En el círculo cercano a Sheinbaum Pardo tomaban como un hecho que el relevo ocurriría antes de que concluyera el año. La dificultad principal era que Alejandro Gertz aceptara irse de manera anticipada, pues su encargo concluye formalmente hasta 2027. El poder del fiscal, más allá de la institución, radica en que durante todo el tiempo que estuvo al frente de la FGR se hizo de la suficiente información como para negociar con cualquiera de los personajes políticos actuales, morenistas y opositores por igual.
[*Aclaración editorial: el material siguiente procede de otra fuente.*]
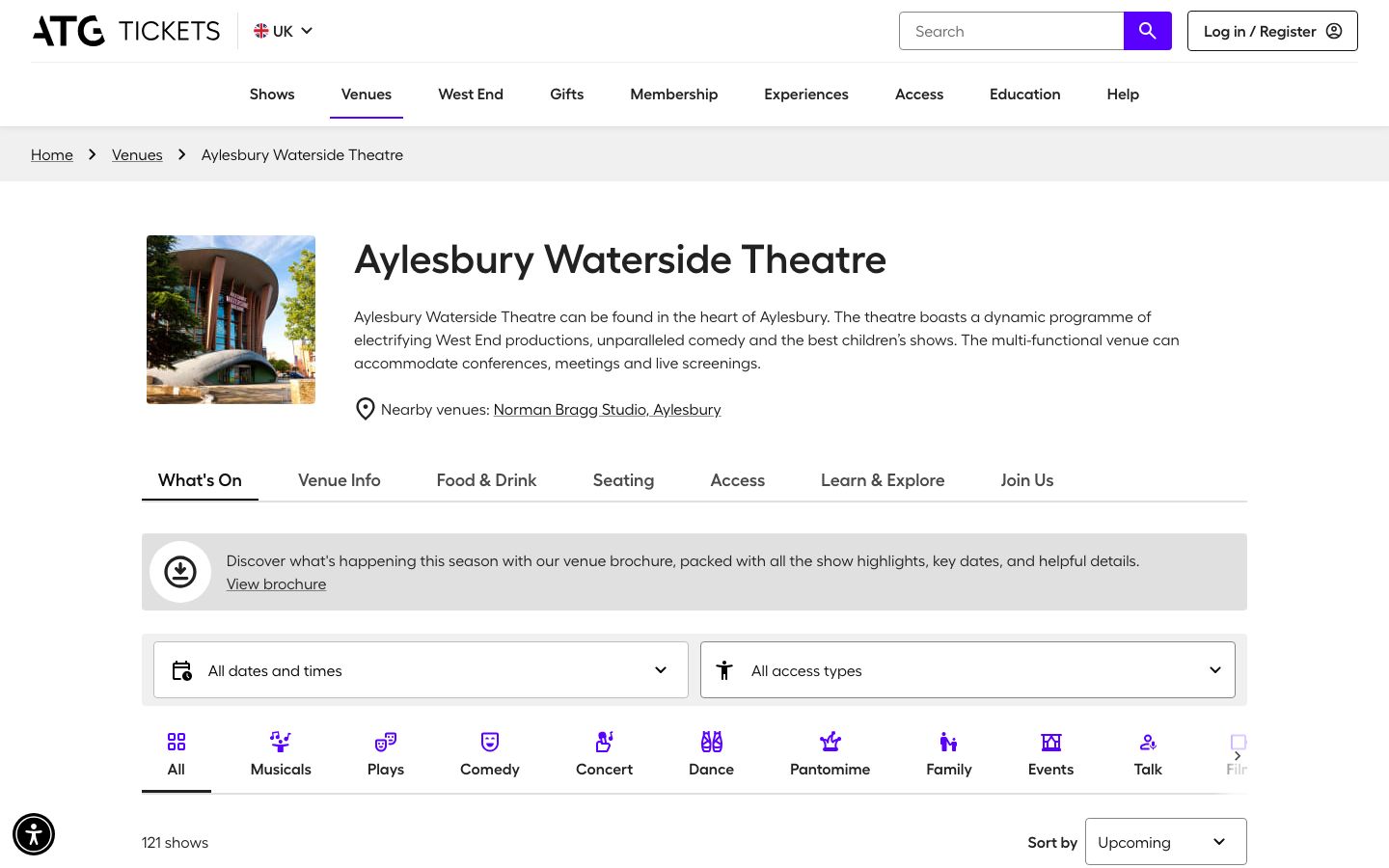 Homepage screenshot of Aylesbury Waterside Theatre
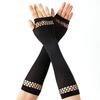 Black Fishnet Patchwork Arm Warmers, Fingerless Mesh Gloves for Punk&Gothic Style
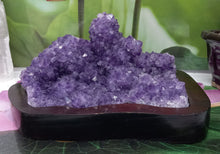 Load image into Gallery viewer, Amethyst Geode set on Wood Base, Raw Amethyst Cluster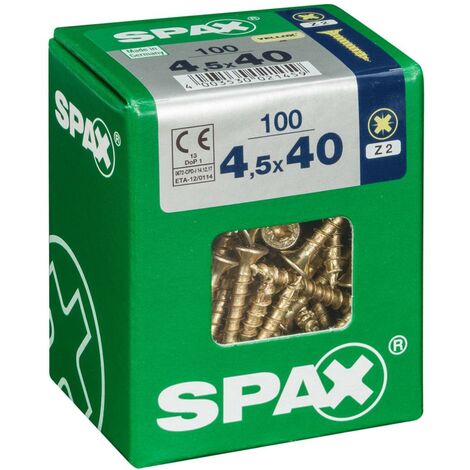 Boîte de 100 unités de vis à bois à tête plate en Yellox 4,5x40mm Spax (1/5)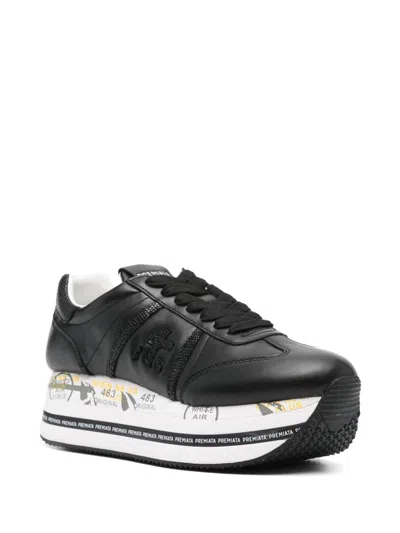 Premiata Beth Sneakers In Fabric And Black Leather In Black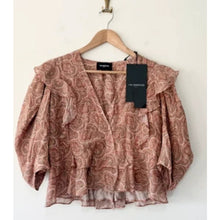 Load image into Gallery viewer, The Kooples Silk Crop Top Womens Pink Paisley V-Neck Ruffle Blouse XL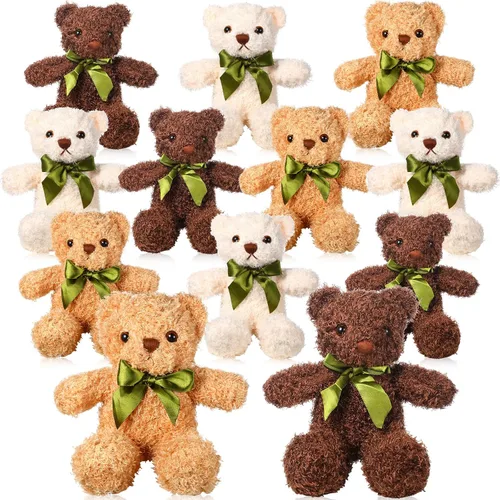 Miniatura 8 de HyDren Paquete de 12 animales de peluche de oso a granel de 10 pulgadas, oso pequeño para graduación, baby shower, juguetes de peluche con pajarita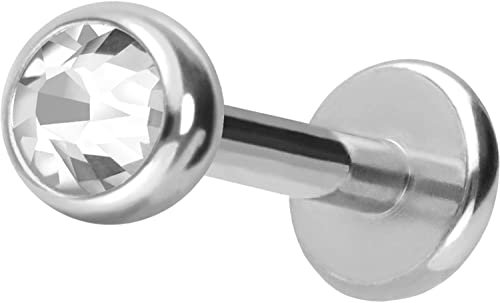 PIERCINGLINE Chirurgenstahl Labret Stecker KRISTALL Piercing Lippe Ohr Nase Silberfarben 3 x 1,2 x 6 mm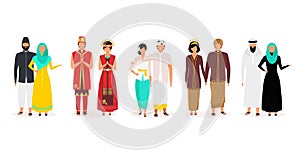 Indonesians flat vector illustrations set photo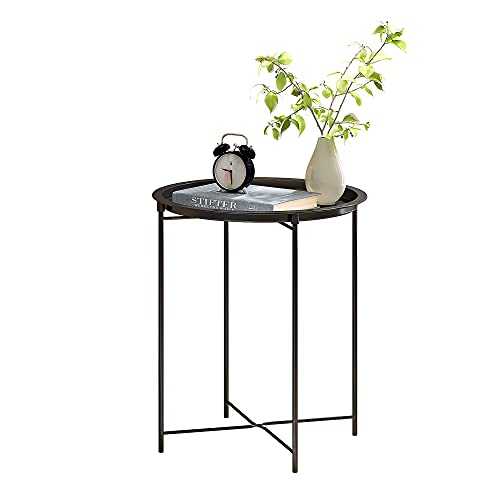HOME BI Tray Metal End Table, Round Side Table, Nightstand/Sofa Table for Living Room, Bedroom (Black)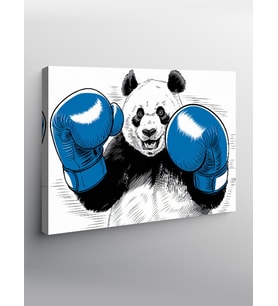 Kanvas Tablo Boks Eldivenli Panda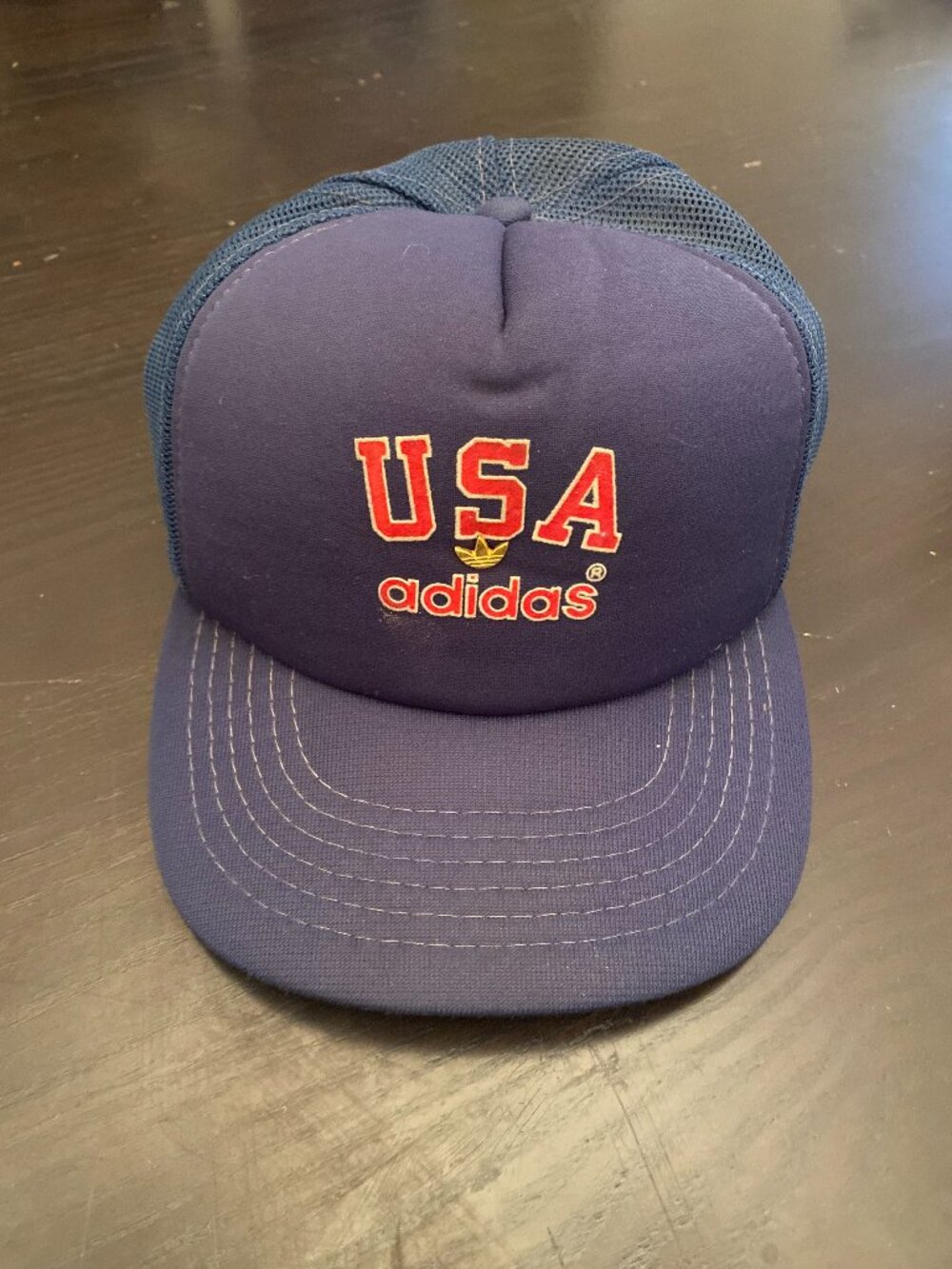 VTG adidas USA Trucker Hat Cap Snapback One Size OS American USA adidas Pin YA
Alejandro Gertz intentó quedarse en el encargo, no fue fácil para los emisarios de la 4T conseguir la renuncia que le habían solicitado, pero al final lo habrían presionado con el argumento de que sus elementos negativos podrían generarle complicaciones en el último tramo de su carrera política, pues se antoja difícil que ocupe algún otro puesto público a sus 86 años de edad.